Kath Fontana, managing director of BAM FM, says that the BIM agenda is driving greater integration between construction and FM functions – and the prospect of longer profit cycles too.
Kath Fontana
Construction companies are doing more facilities management. There is an ongoing shift from traditional outsourced standalone FM providers and towards businesses like BAM’s that harness the potential of integrated FM.
This convergence model offers services over a building’s whole lifecycle from conception to decommissioning. Integrating FM expertise is delivering better margins and a potential for longer profit cycles from what we build. This theme emerged when I spoke at the Workplace Futures Conference for the FM industry. It will require FM providers to think carefully about their business models and it has several implications.
Construction companies, and importantly clients, increasingly understand the value of involving facilities managers earlier in the project and even throughout it, to create more efficient buildings. So FMs will no longer be required to turn up at the end and do what they can with incomplete O&M manuals, desperately trying to run a building that was not designed with facilities management in mind. Instead, facilities managers will be involved horizontally, across the building lifecycle, much like a surveyor or a sustainability adviser might be.
We’re already beginning to see design and construction contracts that are building in maintenance for an initial two or three years. Enabling this move into a cross-disciplinary model for facilities managers is our use of BIM. BIM has brought facilities management design decisions to the fore, and made clients think about how they want their building to work (and not just how it looks and how people will move through it) at design stage.

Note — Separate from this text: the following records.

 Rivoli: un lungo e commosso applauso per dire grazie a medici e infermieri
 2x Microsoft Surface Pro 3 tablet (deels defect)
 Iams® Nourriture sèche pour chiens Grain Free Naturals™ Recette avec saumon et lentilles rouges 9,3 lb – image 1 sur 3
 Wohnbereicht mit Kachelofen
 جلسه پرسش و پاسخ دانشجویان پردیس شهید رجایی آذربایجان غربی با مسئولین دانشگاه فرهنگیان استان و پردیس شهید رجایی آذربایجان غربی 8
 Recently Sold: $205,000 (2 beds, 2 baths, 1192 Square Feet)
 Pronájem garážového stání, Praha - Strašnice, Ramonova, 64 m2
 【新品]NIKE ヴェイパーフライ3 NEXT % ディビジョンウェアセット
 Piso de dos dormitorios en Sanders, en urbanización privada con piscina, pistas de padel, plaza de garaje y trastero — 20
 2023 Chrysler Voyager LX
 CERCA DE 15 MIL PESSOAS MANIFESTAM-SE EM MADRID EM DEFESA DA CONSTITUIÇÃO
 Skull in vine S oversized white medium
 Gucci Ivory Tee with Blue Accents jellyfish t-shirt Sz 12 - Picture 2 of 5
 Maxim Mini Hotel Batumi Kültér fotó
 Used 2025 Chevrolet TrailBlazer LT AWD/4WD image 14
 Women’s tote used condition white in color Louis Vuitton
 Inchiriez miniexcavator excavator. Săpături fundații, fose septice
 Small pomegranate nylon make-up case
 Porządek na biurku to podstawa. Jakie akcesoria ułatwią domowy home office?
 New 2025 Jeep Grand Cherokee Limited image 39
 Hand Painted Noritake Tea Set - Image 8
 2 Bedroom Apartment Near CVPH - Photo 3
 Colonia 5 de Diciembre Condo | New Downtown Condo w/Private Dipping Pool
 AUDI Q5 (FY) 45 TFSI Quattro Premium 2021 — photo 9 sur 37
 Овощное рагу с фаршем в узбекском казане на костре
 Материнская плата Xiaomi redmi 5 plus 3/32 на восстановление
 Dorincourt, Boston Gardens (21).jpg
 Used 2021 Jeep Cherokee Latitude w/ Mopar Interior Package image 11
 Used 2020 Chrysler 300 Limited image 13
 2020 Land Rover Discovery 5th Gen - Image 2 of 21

"FMs will no longer be required to turn up at the end and do what they can with incomplete O&M manuals, desperately trying to run a building that was not designed with facilities management in mind."
It’s making construction teams consider services in more detail – not just that a specific room needs three sockets but exactly how they need to build the concrete frame so that the sockets can come out at the right point for the kitchen’s kettle or the CEO’s phone. I’m not saying this doesn’t happen already, merely that BIM is enabling these details to be considered and discussed earlier and more meaningfully.
BIM is also allowing us to gather more data about the buildings. That leads to another benefit: transparency. Capturing more data – and more usable data – about the building informs future FM strategies, ultimately making the building better. It becomes more efficient to run and requires engineers to spend less time on site fixing things. BIM is allowing clients to understand what facilities management actually is. Everything will be increasingly recorded, and abnormalities in service flagged up – and that means we need to ensure our focus is squarely on service and delivery.
You can panic about this and see it as a bit too “Big Brother” but the transparency this data brings is a significant opportunity. If we’re all working from the same BIM model with integrated FM data, then there will be much less opportunity to differentiate through cost. So FMs will need to do even more to add value and innovate.
That’s why the new role of FMs throughout the project lifecycle makes sense. We can add value earlier. We can innovate earlier. And we can do that by moving our profession from a separate “industry” to an integrated discipline. Is it the beginning of the end for the FM industry? Perhaps. But if so, there are plenty of opportunities for FMs to raise their profile and be treated like the professionals they are at all stages of a building’s lifecycle. We just need to decide if we’re going adapt and thrive. A no brainer really.